The Impressive Restoration of a 19th-Century Vermont Estate

The village of Proctor, Vermont, is one of the few places in the United States with an actual castle. Enormous, beautiful, and creepy, Wilson Castle is part of a 115-acre estate in various stages of disrepair. It’s hard to imagine a building more incongruous with its surroundings. 

You approach the estate (it’s a real castle, tour guides explain, because it has battlements and towers) by turning off a main highway by a truck parts shop and traveling for a mile or so on a sparsely populated rural road near Rutland, Vermont. Neighboring buildings include small ranch houses and trailers.
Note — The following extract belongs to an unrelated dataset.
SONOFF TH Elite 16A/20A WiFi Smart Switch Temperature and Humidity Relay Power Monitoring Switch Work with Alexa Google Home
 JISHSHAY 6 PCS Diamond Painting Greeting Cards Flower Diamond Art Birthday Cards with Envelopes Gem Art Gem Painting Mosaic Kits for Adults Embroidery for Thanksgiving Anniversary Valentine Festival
It was always a slightly unusual building for the area, which was, perhaps, the point. A Vermont doctor, John Johnson, built it in 1867 to impress his wife, who was an English aristocrat of some sort. According to the story, Johnson met her when he attended medical school in the United Kingdom.  It took eight years and $1.3 million to finish the castle. Mrs. Johnson returned to England after living only three years in the castle with her husband. After she died her husband had to sell the castle.

The property was juggled from one owner to the next for the next fifty or so years until falling into the hands of Herbert Lee Wilson, an AM radio pioneer who created a radio station in the castle stable, which, though its headquarters have since moved, is still on the air today. Five generations of Wilsons lived at the house from 1939-2009, when Wilson’s daughter passed away. It opened for tours in 1962 and is still owned and operated by Wilson’s granddaughter, Denise Devine.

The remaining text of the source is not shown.